Most models since have been in mice and rats, but there appears to be strong evidence for the role of CD4 cells in protection against systemic candidiasis (Romani et al., 1997a-c), as well as an important immunoreg-ulatory role for neutrophils (Romani et al., 1996). The protective immunity seems to be associated with Th1 rather than Th2 responses. It is not clear, however, whether these findings are totally transferable to mucosal surfaces and to all types of oral candidiasis. Intragastric inoculation can lead to intestinal candidiasis and protective Th1 responses but defective IgA production from Peyer's patches (Bistoni et al., 1993). By contrast, oral immunisation and subsequent oral challenge in a murine model have shown the induction of salivary antibodies in the absence of detectable serum antibodies and inhibition of oral colonisation (Rahman and Challacombe, 1995).

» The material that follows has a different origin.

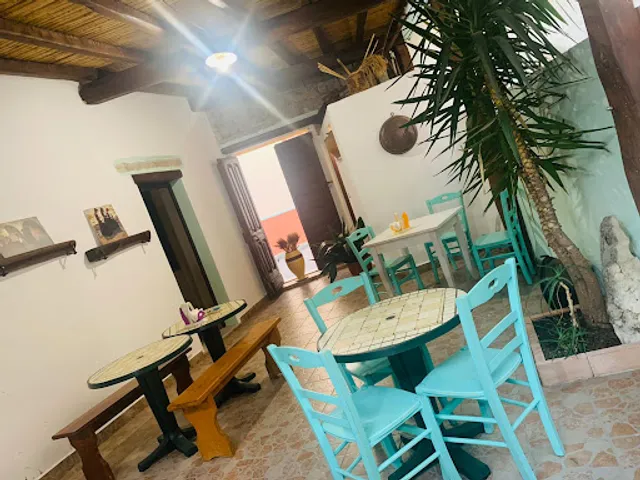 Pizzeria al taglio Antico Forno Orgosolo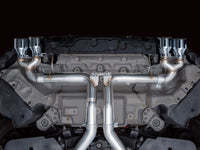 AWE Track Edition Exhaust – BMW G42 M240i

A critical role for CMI in the host defence against oral candidiasis is suggested by the observations in a model of chronic oral C. albicans infection in immunodeficient mice that lack T lymphocytes (Farah et al., 2002a). Complete resolution of the infection in mice reconstituted with functional CD4+ T cells was found. There was evidence that the transferred CD4+ T cells infiltrated the oral tissues, and presumably exerted their activity there. Additionally, draining lymphocytes isolated from the submandibular and superficial cervical lymph nodes secreted high titres of IL-12, and moderate levels of IFN-y, suggesting a role for these cytokines in clearance (Farah et al., 2002b). These data also support the role for Th1-type cytokines and protective immunity in the resolution of oral candidiasis in infected mice. However, histology of hyperplastic candidiasis shows microabsecesses of polymorphs suggesting a non-specific role for innate immunity including polymorphonuclear neutrophils (PMNs), epithelial cells, and possibly toll-like receptors (TLRs).